### GIVEN MATERIAL
______________________________
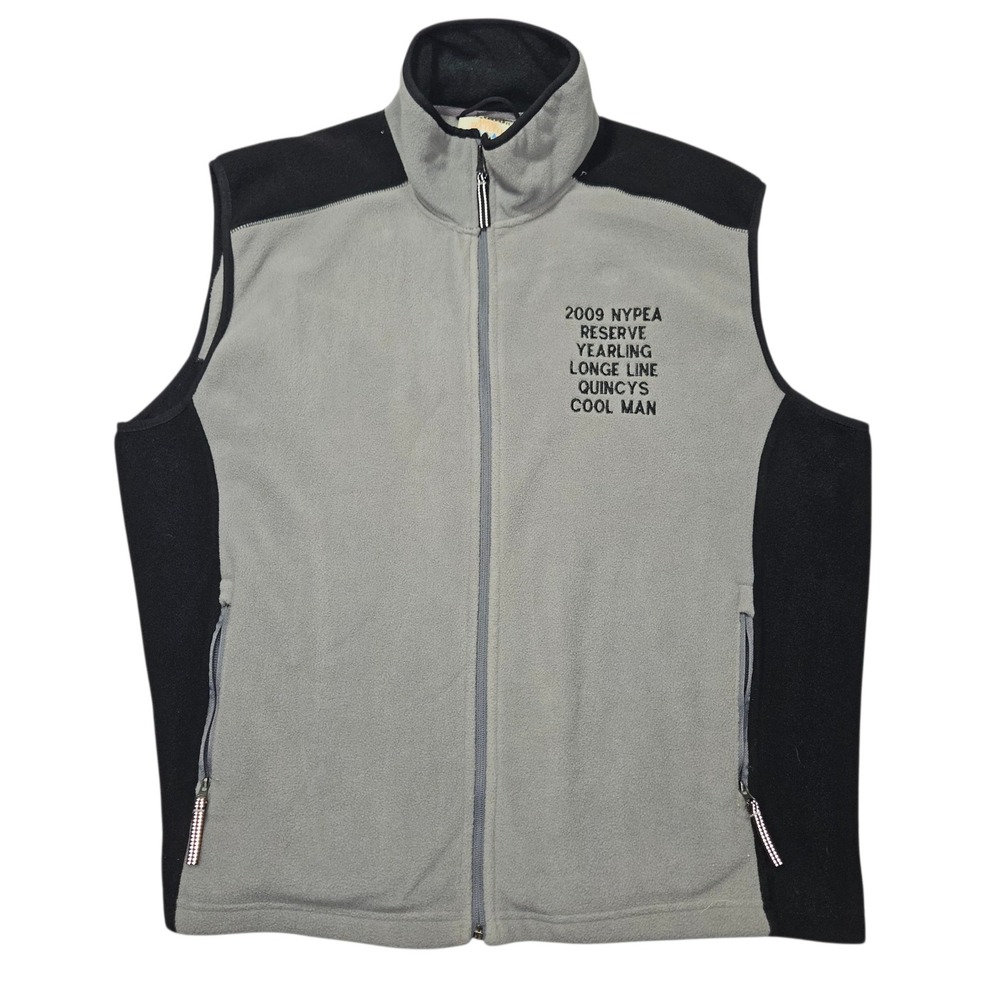 10,000ft Above Sea Level VTG 2009 NYPEA Fleece Vest Gray/Black Sz XL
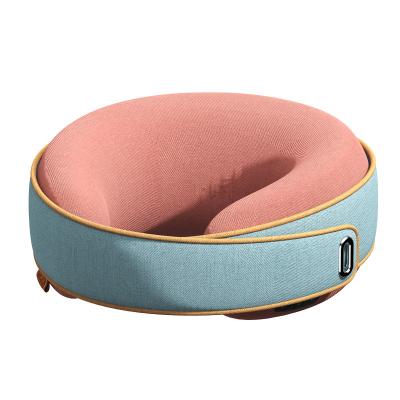 China NECK PGG U Shape Vibrating Pressure Activated Travel Car Memory Foam Neck Massager Home Pillow for sale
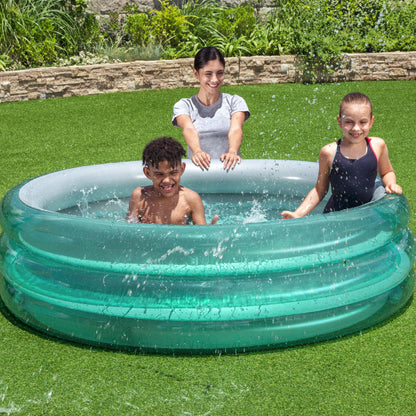 H2OGO! Big Metallic 3-Ring Inflatable Play Pool for Kids, 5 ft. 7 in. Diameter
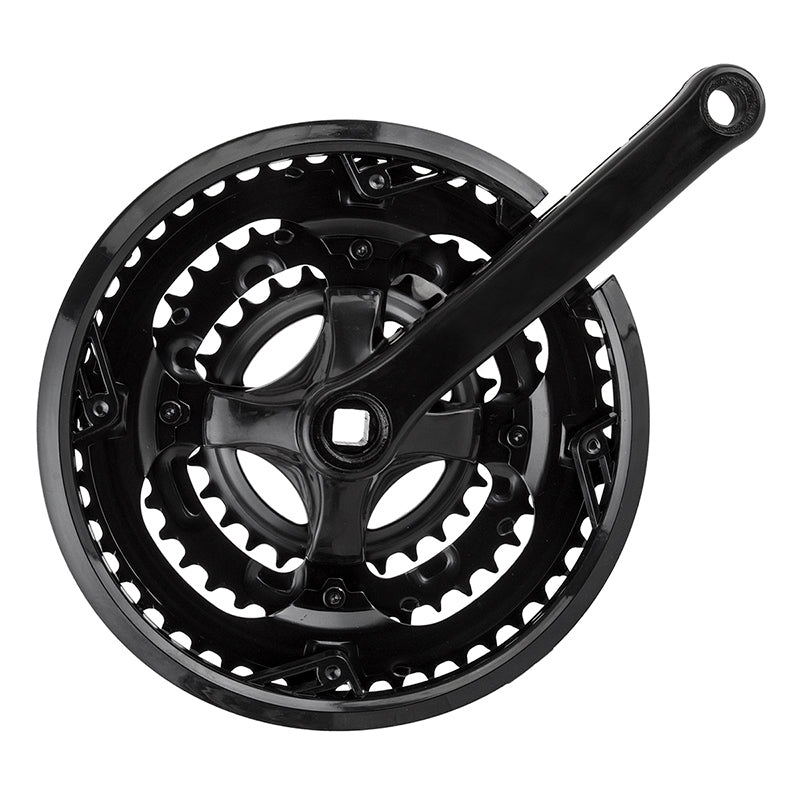 Sunlite Steel Triple 170×48/38/28 120 SQR JIS crankset black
______________________________
In the data above, find the line containing "China NECK PGG", then output it and every later line exactly, without the pictures.

 China NECK PGG U Shape Vibrating Pressure Activated Travel Car Memory Foam Neck Massager Home Pillow for sale
 H2OGO! Big Metallic 3-Ring Inflatable Play Pool for Kids, 5 ft. 7 in. Diameter
 Sunlite Steel Triple 170×48/38/28 120 SQR JIS crankset black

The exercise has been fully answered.